> YOUR INSTRUCTIONS:
For the material below, reproduce exactly each line from the one that has "Hello ladies and" through the one that has "This is where", and no others; pictures stay out.

> SUPPLIED RECORDS:
---+---
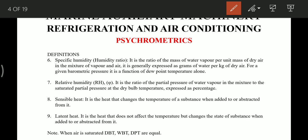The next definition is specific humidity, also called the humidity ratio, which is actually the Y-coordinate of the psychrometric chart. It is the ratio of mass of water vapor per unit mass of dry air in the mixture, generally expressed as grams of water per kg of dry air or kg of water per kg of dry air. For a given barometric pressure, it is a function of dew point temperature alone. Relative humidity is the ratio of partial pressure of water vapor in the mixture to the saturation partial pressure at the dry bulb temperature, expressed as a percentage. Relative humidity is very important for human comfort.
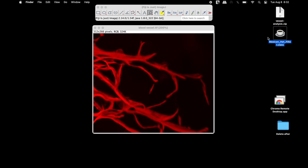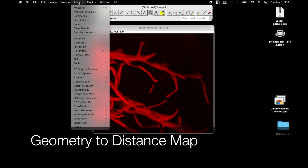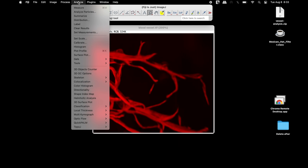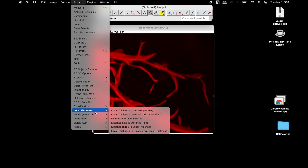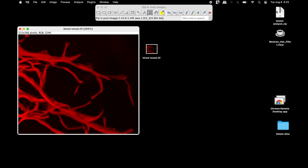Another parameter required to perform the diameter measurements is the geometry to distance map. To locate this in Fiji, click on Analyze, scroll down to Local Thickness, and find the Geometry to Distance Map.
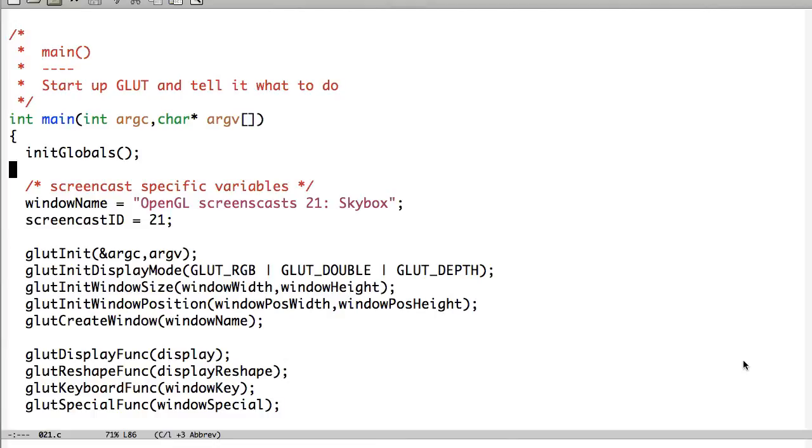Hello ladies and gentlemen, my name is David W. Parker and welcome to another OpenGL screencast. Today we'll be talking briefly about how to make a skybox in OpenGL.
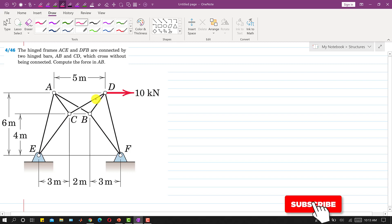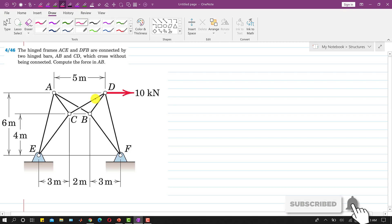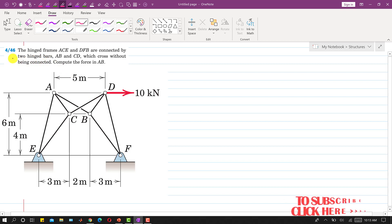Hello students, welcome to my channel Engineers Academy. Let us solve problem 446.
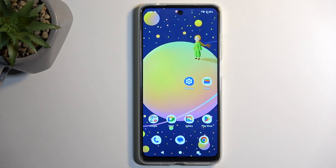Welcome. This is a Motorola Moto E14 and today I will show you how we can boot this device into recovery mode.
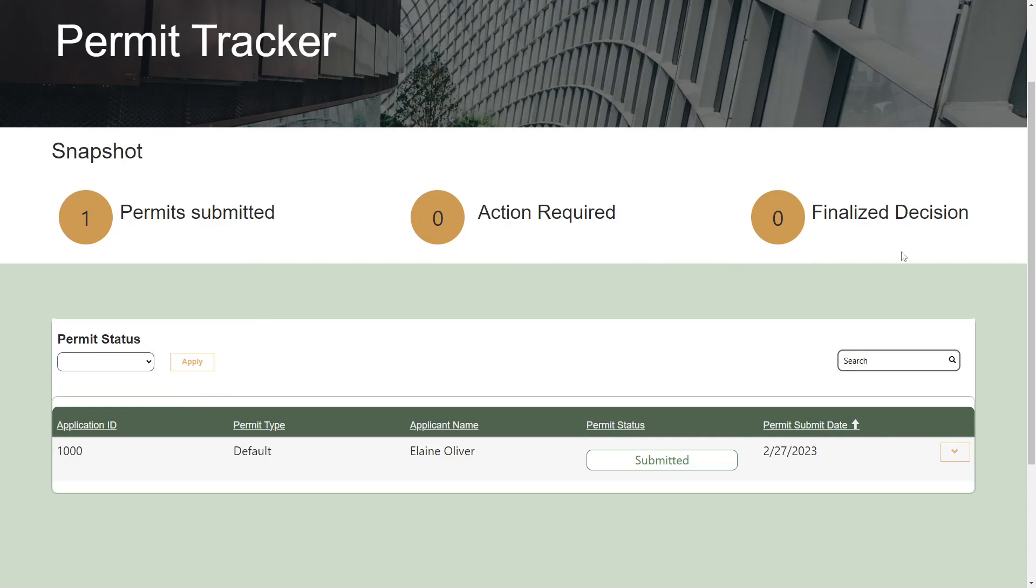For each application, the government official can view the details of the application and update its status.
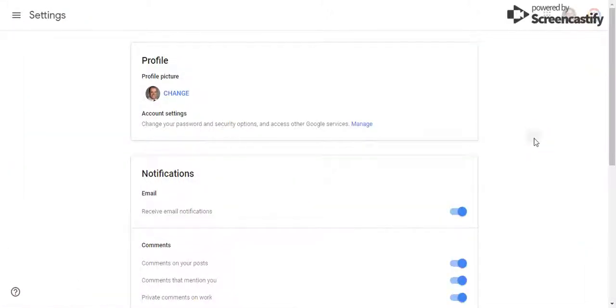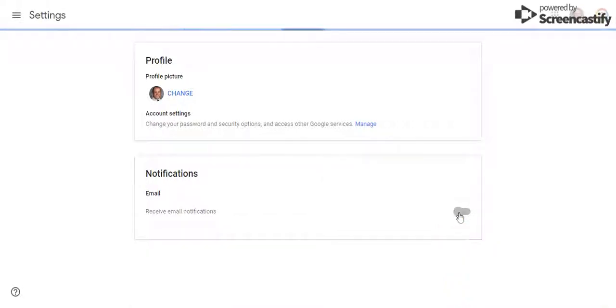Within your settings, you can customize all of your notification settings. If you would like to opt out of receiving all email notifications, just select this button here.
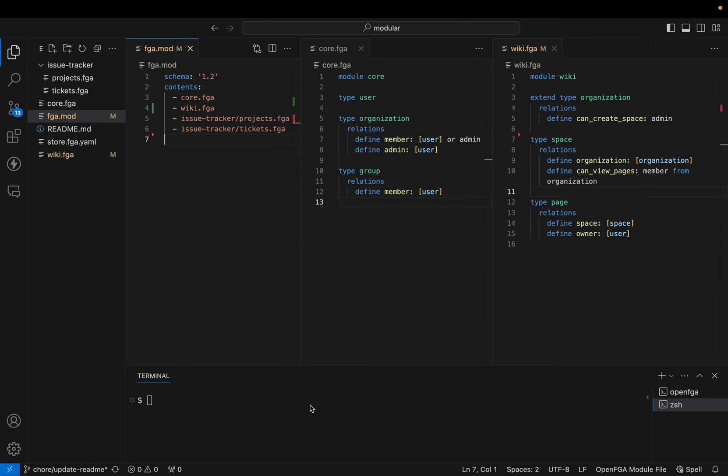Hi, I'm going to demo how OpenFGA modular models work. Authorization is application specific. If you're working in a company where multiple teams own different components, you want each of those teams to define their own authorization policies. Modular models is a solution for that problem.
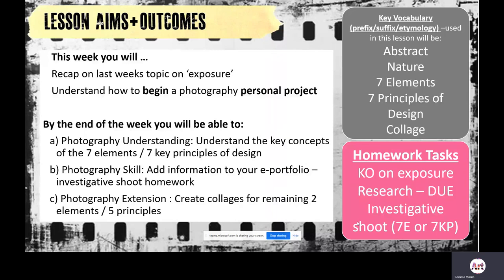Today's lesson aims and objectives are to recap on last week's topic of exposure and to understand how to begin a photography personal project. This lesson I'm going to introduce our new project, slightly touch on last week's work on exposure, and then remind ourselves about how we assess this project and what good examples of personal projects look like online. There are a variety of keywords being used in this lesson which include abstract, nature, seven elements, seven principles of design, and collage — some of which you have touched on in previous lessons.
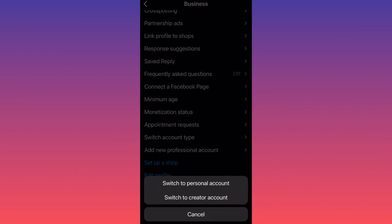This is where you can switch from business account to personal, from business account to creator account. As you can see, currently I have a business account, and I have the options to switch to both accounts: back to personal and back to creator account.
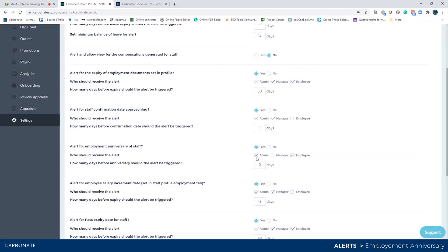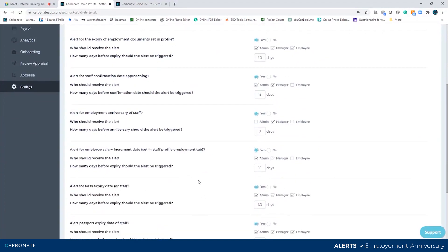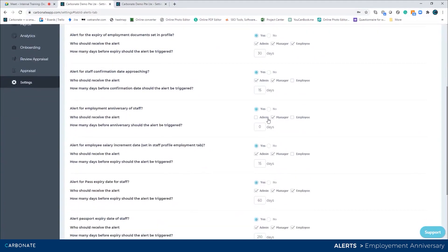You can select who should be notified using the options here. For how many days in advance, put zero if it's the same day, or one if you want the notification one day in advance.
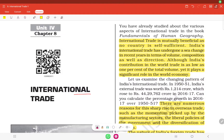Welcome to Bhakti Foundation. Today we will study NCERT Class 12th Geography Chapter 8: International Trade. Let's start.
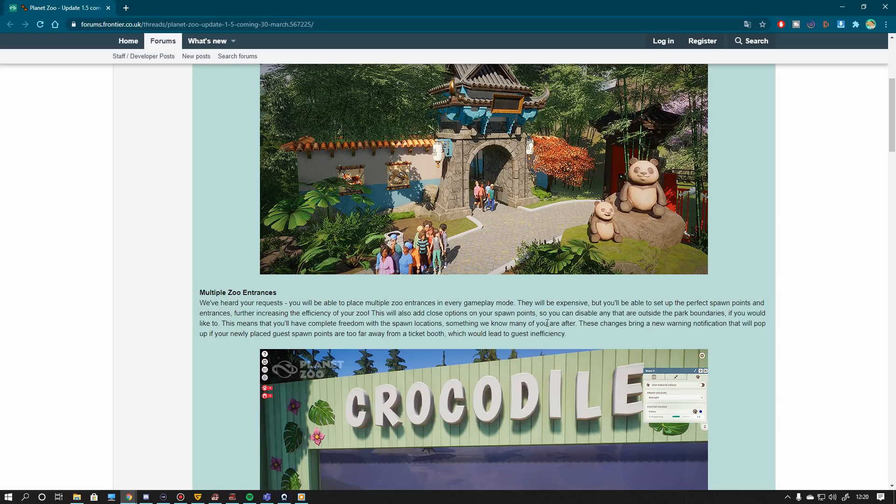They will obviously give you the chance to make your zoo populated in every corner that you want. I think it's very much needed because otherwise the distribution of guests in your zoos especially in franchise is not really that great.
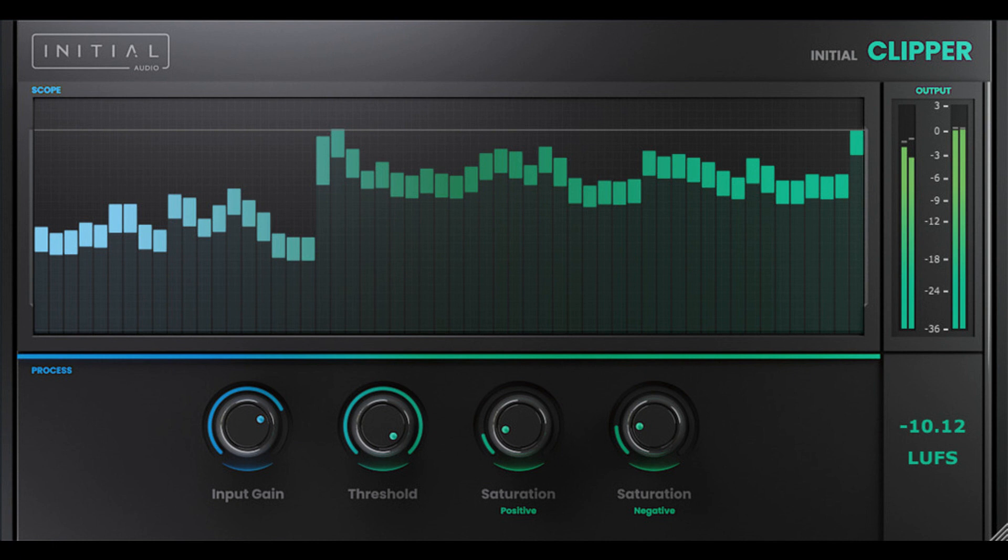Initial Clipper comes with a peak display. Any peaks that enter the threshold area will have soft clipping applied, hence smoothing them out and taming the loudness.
---+---
> REPLY:
Hello ladies and gentlemen, my name is David W. Parker and welcome to another OpenGL screencast. Today we'll be talking briefly about how to make a skybox in OpenGL.
Hello students, welcome to my channel Engineers Academy. Let us solve problem 446.
Welcome. This is a Motorola Moto E14 and today I will show you how we can boot this device into recovery mode.
For each application, the government official can view the details of the application and update its status.
Within your settings, you can customize all of your notification settings. If you would like to opt out of receiving all email notifications, just select this button here.
Hi, I'm going to demo how OpenFGA modular models work. Authorization is application specific. If you're working in a company where multiple teams own different components, you want each of those teams to define their own authorization policies. Modular models is a solution for that problem.
Today's lesson aims and objectives are to recap on last week's topic of exposure and to understand how to begin a photography personal project. This lesson I'm going to introduce our new project, slightly touch on last week's work on exposure, and then remind ourselves about how we assess this project and what good examples of personal projects look like online. There are a variety of keywords being used in this lesson which include abstract, nature, seven elements, seven principles of design, and collage — some of which you have touched on in previous lessons.
This is where you can switch from business account to personal, from business account to creator account. As you can see, currently I have a business account, and I have the options to switch to both accounts: back to personal and back to creator account.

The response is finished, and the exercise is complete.